Approached by Health Policy Watch, Bavarian Nordic’s spokesperson Thomas Duschek declined to provide further details of the company’s vaccine production and distribution plans – or whether the company would negotiate with Gavi to sell Monkeypox vaccines in bulk for low- and middle-income countries.

Rich countries urged to donate vaccines

While vaccine demands are spread among those countries now reporting cases, only a handful of nations, and primarily the United States, hold the keys to available supplies that could be used right away to stem the pandemic tide.

This has left the WHO and its associates asking for vaccine donations, another striking replay of the early days of the Covid vaccine rollout.

“We urge countries with stockpiles – or supplies on order – to be generous and flexible in releasing doses to countries with cases that do not have access to ensure equality,”  a spokesperson for the Vaccine Alliance (GAVI) told Health Policy Watch.

WHO’s Chief Scientist, Soumya Swaminathan also speaking at last Wednesday’s WHO briefing, echoed that, saying: “We are in discussions with the manufacturers to get an idea of availability of doses. Many of them have already been committed to countries, so we would like to explore the possibility of a donation from countries that do have doses, to put them in a stockpile.”

But the United States also announced last week that it will begin deploying some 800,000 doses of its available MVA-BN stock to vaccinate at-risk groups at home.  That leaves little in its strategic stockpile for donations – until at least the 2.5 million doses of fill-and-finish are delivered.

Replay of Covid playbook?

Despite the emerging tensions between vaccine demand and supply, leading global health officials have so far tread gently in their comments about the Danish vaccine company, perhaps due to the world’s dependence on this single company’s policies to get the pandemic under control.

“I look at Bavarian Nordic, and it’s a good company,” GAVI CEO Seth Berkley noted in a press briefing Thursday.

But, he added, Bavarian Nordic “doesn’t have a large fill finish production facility, so it may be that if four doses are needed, then moving towards a fill and finishing approach as Aspen or the few other manufacturers have offered would be a way to move forward”.

Anne Simon, Unit Chief of the EU’s Health Emergency and Preparedness Response Authority (HERA), told Health Policy Watch: “The European Commission, notably through HERA and the European Medicines Agency, stand ready to support Bavarian Nordic to scale up vaccine production as is needed.”

The Global Fund was more blunt: “The global Covid-19 response demonstrated structural global health inequities which left low and middle-income countries exposed to harmful vaccine nationalism,” a spokesperson told Health Policy Watch.

What about other vaccines?

In theory, there are two other vaccines available against smallpox – and thus potentially effective against monkeypox. But neither are licensed for monkeypox as such.

First is the LC16, manufactured by Japanese pharmaceutical KM Biologics, the only second or third-generation smallpox vaccine to be licensed for use in children by the WHO. Officials at the WHO, however, have noted that Japan views the vaccine as a national asset, and the country has no plans to share its stockpiles.

When KM Biologics was asked about plans for production scaling and prospects of working with WHO or GAVI to provide vaccines for distribution in low and middle-income countries, the company told Health Policy Watch: “we are afraid we cannot be of help in the matters described in your email.”
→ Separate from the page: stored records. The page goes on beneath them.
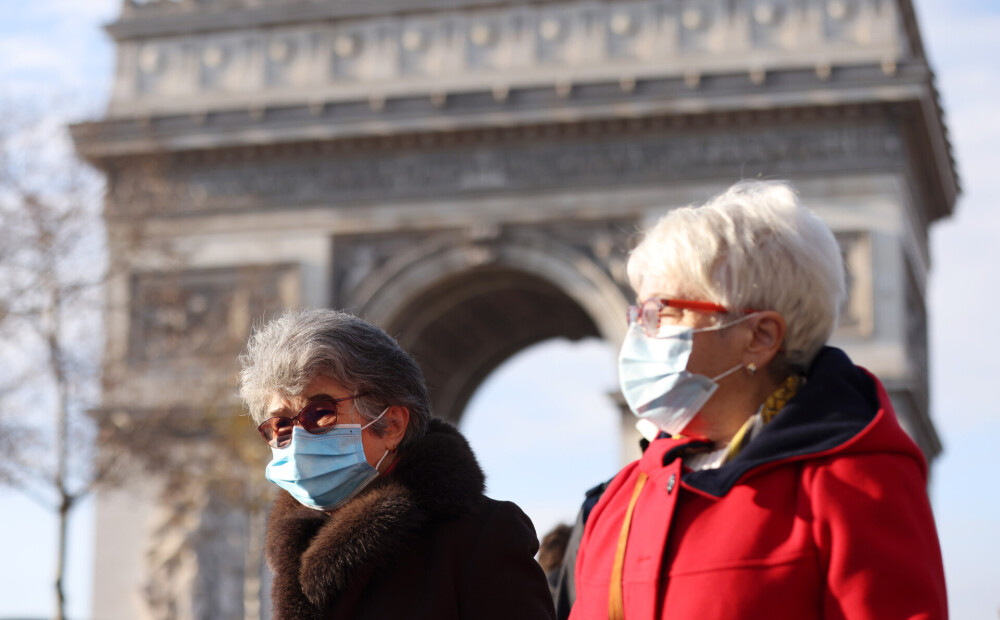 Parīzē atkal būs jāvalkā sejas maskas ārpus telpām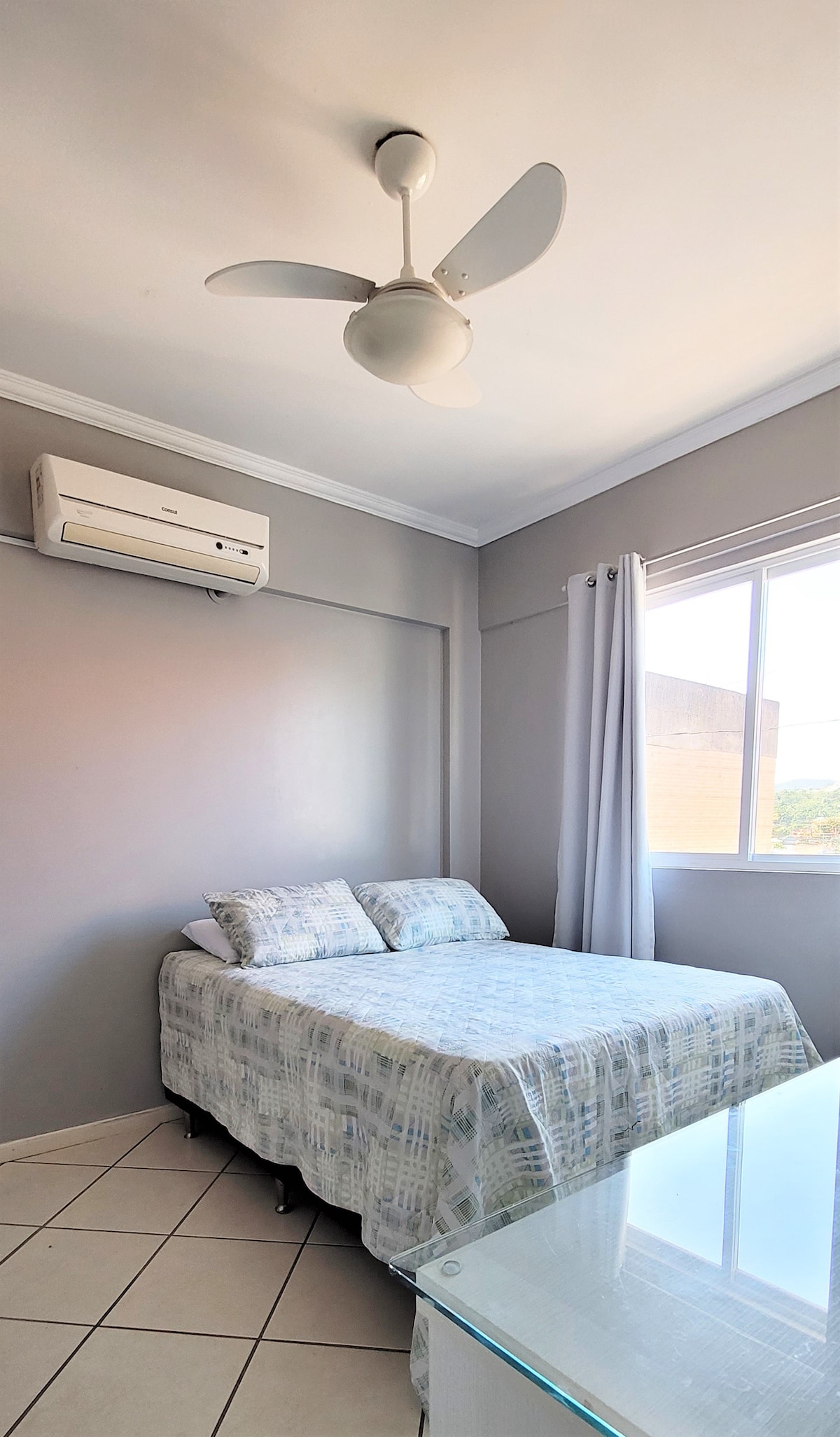 Двойна стая 01.
Разполага с 1 двойно легло и 1 допълнително двойно легло)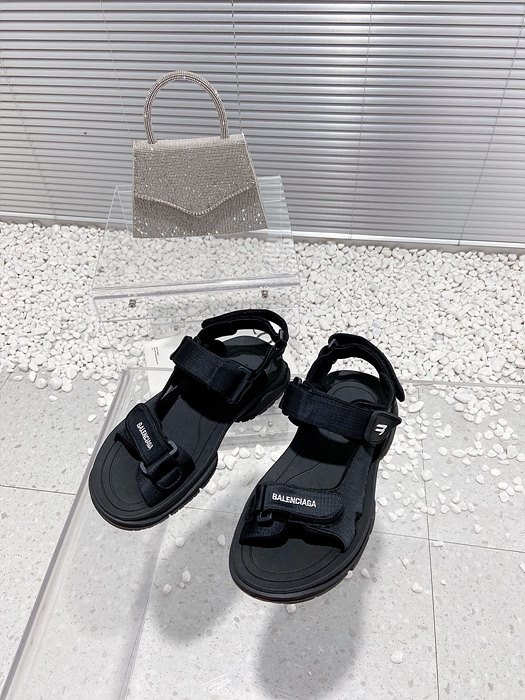 발렌시아가 샌들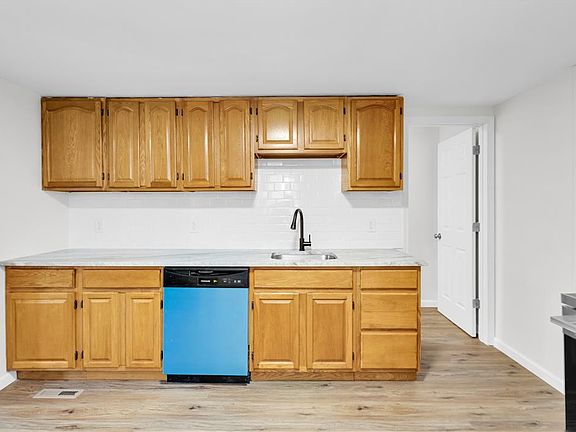 5th image of 1059 Seneca St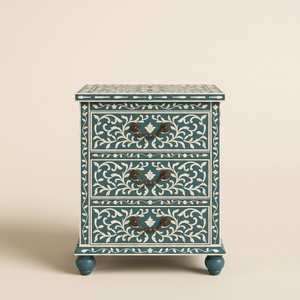 Mesita de Noche Premium con Incrustaciones de Hueso en Verde Azulado, con 3 Cajones, Gabinete de Almacenamiento Floral Hecho a Mano con Diseño Moderno - Product Image 1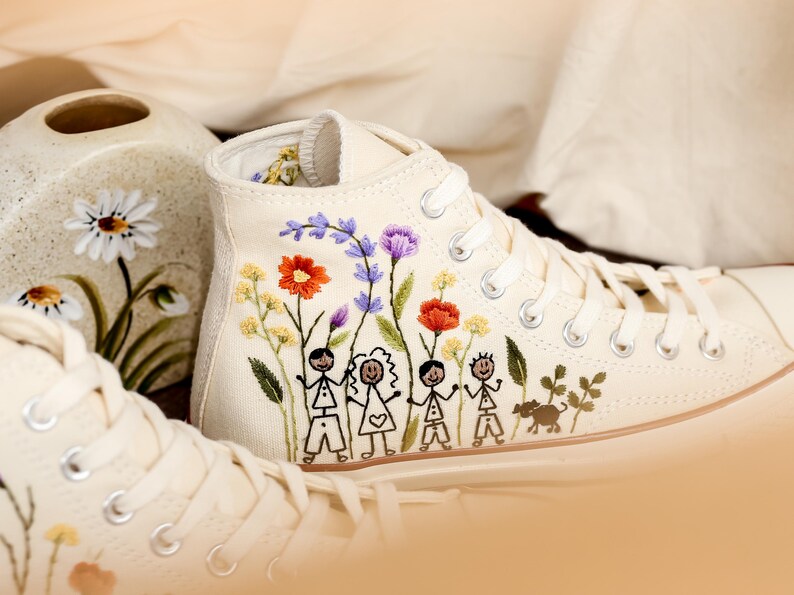 Custom Stick Figure Family Embroidered Converse, Flowers, Family Reunion Stick Figures Embroidered Shoes, Bespoke Family Gifts, Gift for Mom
The world also possesses around 100 million doses of the older generation ACAM2000 vaccine that contributed to the eradication of smallpox, but experts deem the risk of adverse effects too high to deploy unless absolutely necessary.

“This is a global challenge,” GAVI CEO Seth Berkley explained at a press conference on Thursday. “If you have rare diseases, or small producers for disease, there’s not enough attraction to have them produced by many different manufacturers.”